Have you heard about the gas shortages in the Southeast? It doesn’t seem to be getting a lot of coverage in the Chicagoland area. However, the other night I was driving down some rural road outside of Burlington, Wisconsin, when a story came on the radio about some Atlanta woman who set her alarm clock for 2:30 AM in the morning just so she could get to a gas station and avoid any lines. No such luck. Even in those wee small hours of the morning, this motorist had to wait almost half-an-hour before she could access a pump. So, what exactly is going on here, and is there any danger of it spreading to other regions of the United States? CNN Money’s Brian O’Keefe talked about the situation last week and wrote:

The immediate answer is that the double whammy of Hurricanes Gustav and Ike, which swept through the Gulf of Mexico earlier this month, caused much of the Gulf’s oil drilling and refinery production to be shut down. In particular Ike, which hit refinery-rich Southeastern Texas on Sept. 13, caused massive power outages in the Galveston and Houston areas.
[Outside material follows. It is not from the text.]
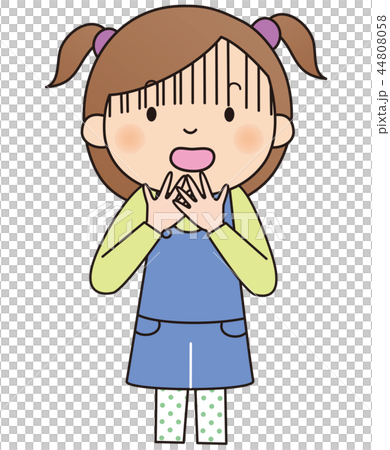 女孩D驚喜 44808058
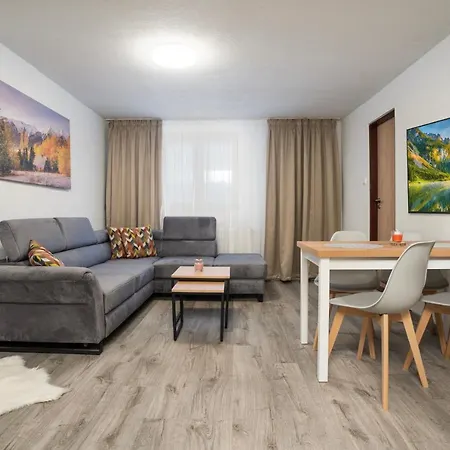 Penzion U Matka A Kubka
As of this week, more than a dozen refineries around Texas City and Port Arthur were not operating at full capacity and, according to the Department of Energy, six refineries, with a combined capacity of 1.6 million barrels a day, were still not running at all.
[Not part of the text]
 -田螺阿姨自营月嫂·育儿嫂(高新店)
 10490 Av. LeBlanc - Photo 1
As I suspected, there’s more to this story. O’Keefe added:

But while the current shortages can be traced directly to the two hurricanes, the severity of the problem points out a bigger issue: The U.S. has been operating for a while with razor-thin spare gasoline capacity.

In its most recent Weekly Oil Data Review, Barclays Capital pointed out that the U.S. gasoline inventory has reached its lowest level since August 1967, when demand was a little more than half its current level of 9.3 million barrels a day. At 178.7 million barrels, inventories are 21.6 million barrels below their five-year average.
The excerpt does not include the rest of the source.